- Crawled caption data -
+++

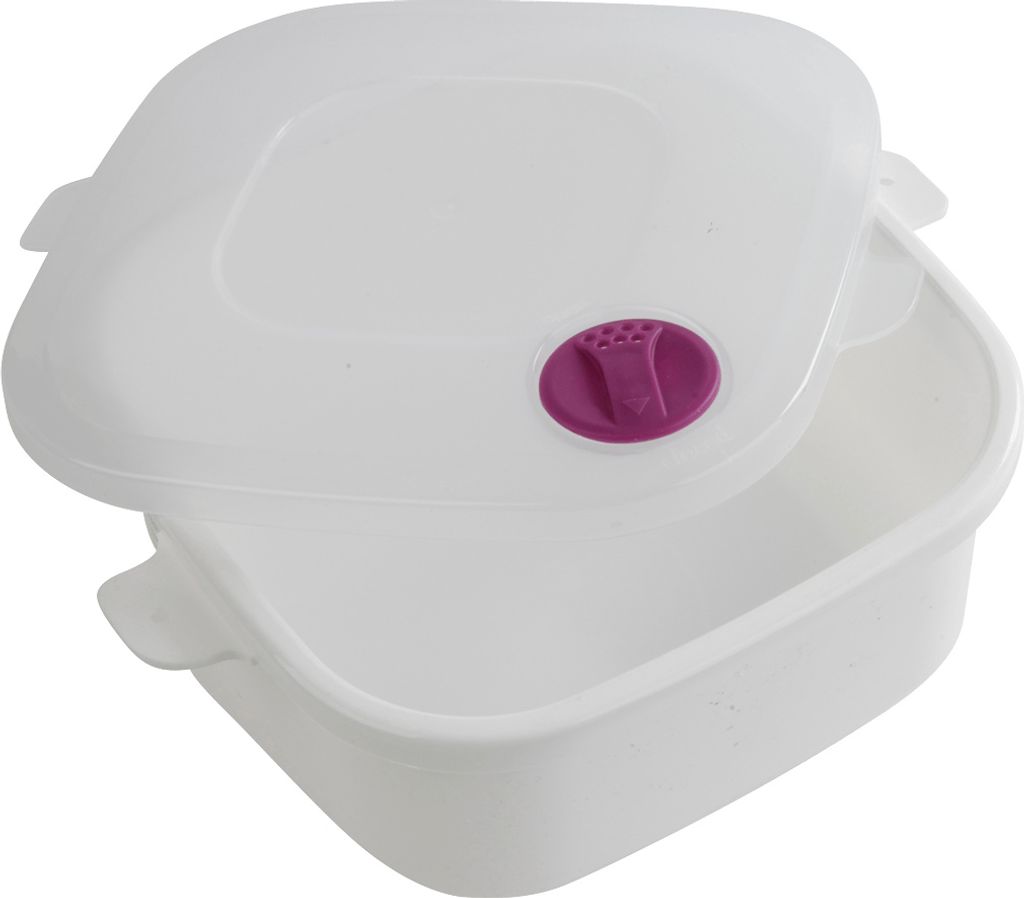 A white square microwave-safe container with a clear lid and a purple vent.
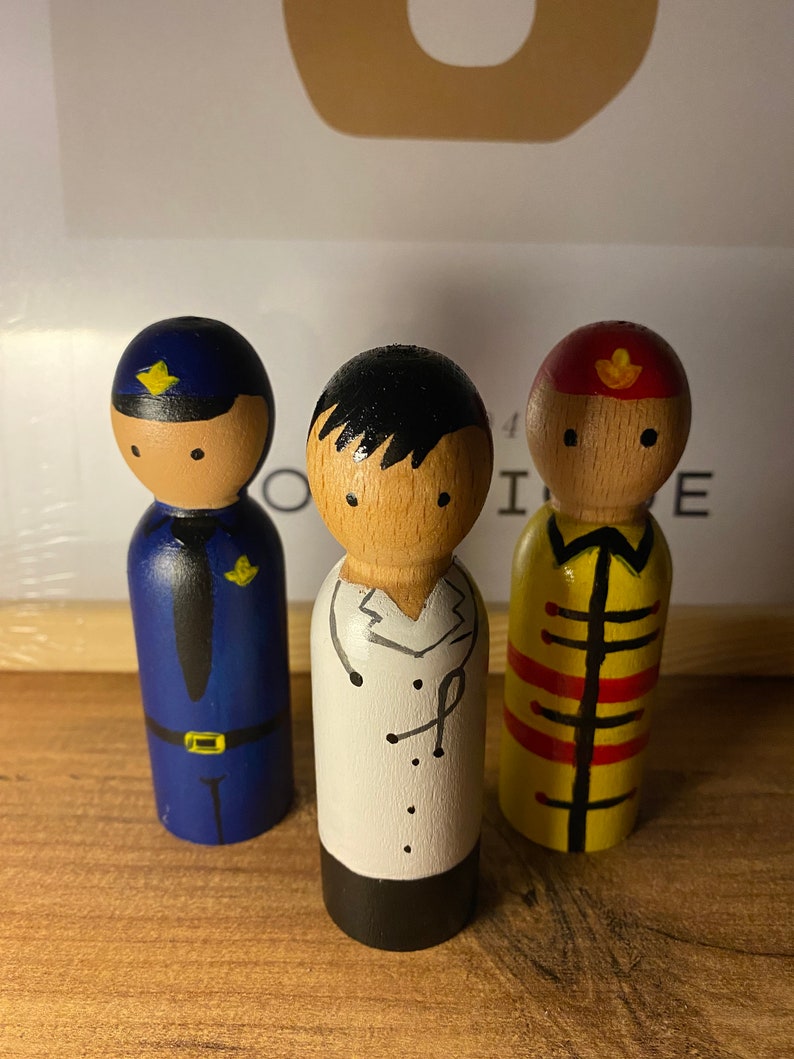 Profession Peg Doll Set, First Responders, Community Workers, Career Peg Dolls, Toddler Gift, Chef, Fireman, Police Officer, Doctor image 4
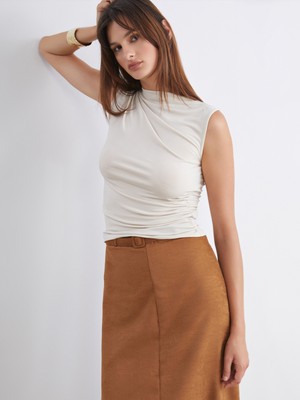 Soulife Dik Yaka Büzgülü Bluz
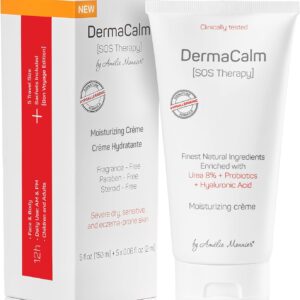 Clinically Tested DermaCalm SOS Therapy - Eczema Psoriasis Dermatitis Prone, Dry Skin - Urea 8%, Probiotics w/Best Natural Ingredients - Itchy, Severely Dry, Scaly Skin. Adults & Kids, Eczema Cream
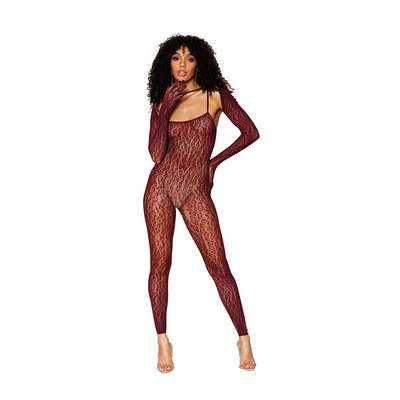 Catsuit Bodystocking en Shrug Diamond – One Size – Bruin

+++

- Task item -
Reproduce every entry word for word, but omit the pictures.

- Response for this exercise -
 A white square microwave-safe container with a clear lid and a purple vent.
 Profession Peg Doll Set, First Responders, Community Workers, Career Peg Dolls, Toddler Gift, Chef, Fireman, Police Officer, Doctor image 4
 Soulife Dik Yaka Büzgülü Bluz
 Clinically Tested DermaCalm SOS Therapy - Eczema Psoriasis Dermatitis Prone, Dry Skin - Urea 8%, Probiotics w/Best Natural Ingredients - Itchy, Severely Dry, Scaly Skin. Adults & Kids, Eczema Cream
 Catsuit Bodystocking en Shrug Diamond – One Size – Bruin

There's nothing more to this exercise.